::: Study material

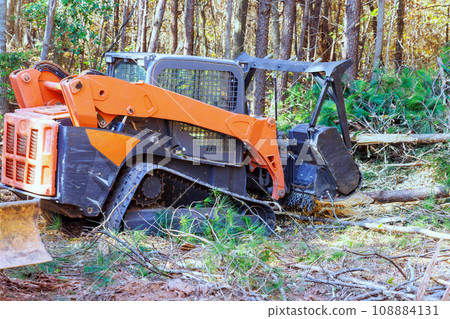 Forestry mulcher used by contractor for general purpose cleaning at forest 108884131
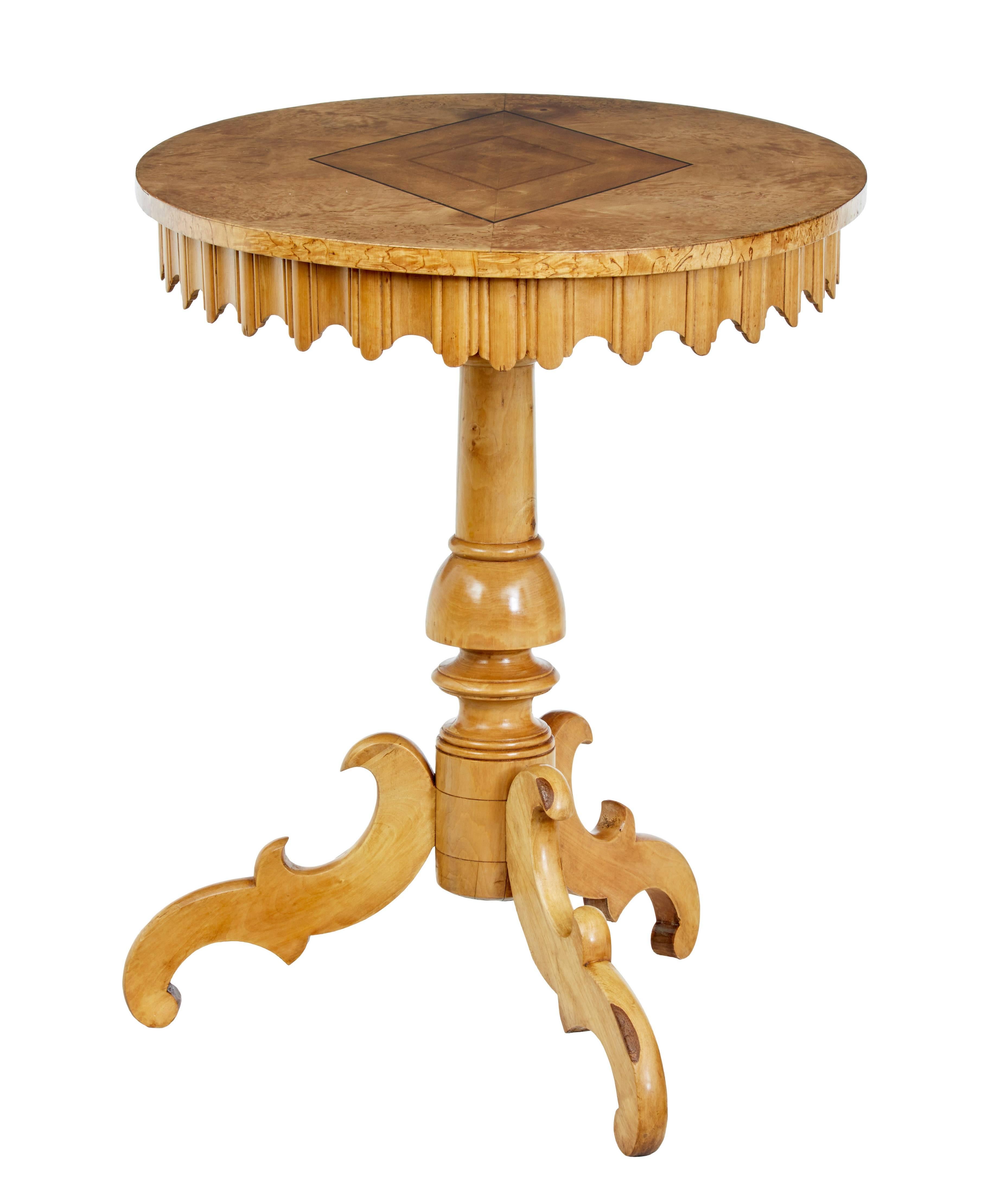 Charming 19th century oval table, circa 1850.

Burr birch top with walnut inlaid diamond shape strung with ebony.

Carved Gothic shaped frieze, standing on turned stem tripod base.

Minor mark to top, restored age split to stem base.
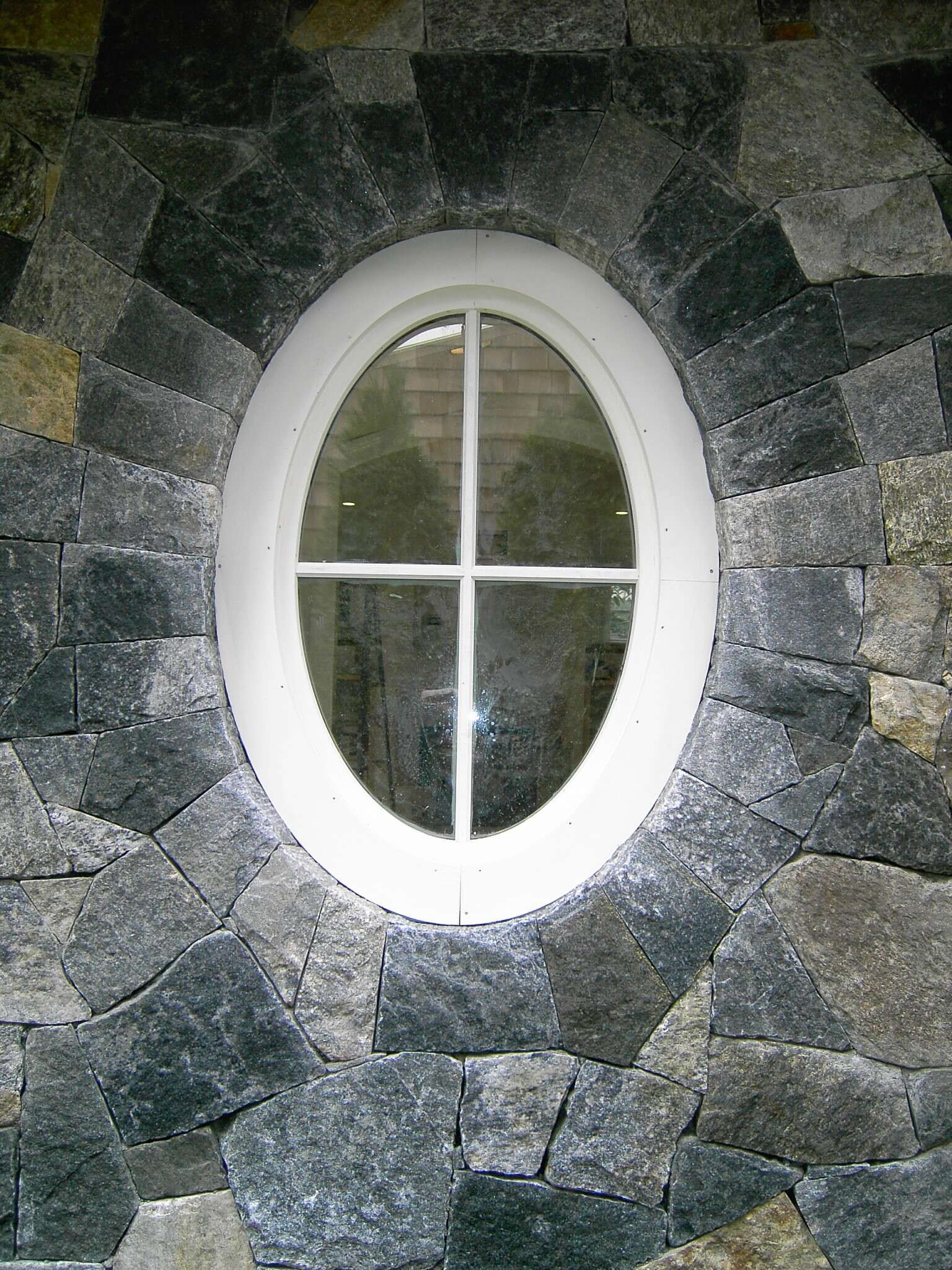 oval window surrounded by stone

::::::

◆ Exercise requirements ◆
Set down all of the material word for word, minus its pictures.

◆ Solution ◆
 Forestry mulcher used by contractor for general purpose cleaning at forest 108884131
 Charming 19th century oval table, circa 1850.

Burr birch top with walnut inlaid diamond shape strung with ebony.

Carved Gothic shaped frieze, standing on turned stem tripod base.

Minor mark to top, restored age split to stem base.
 oval window surrounded by stone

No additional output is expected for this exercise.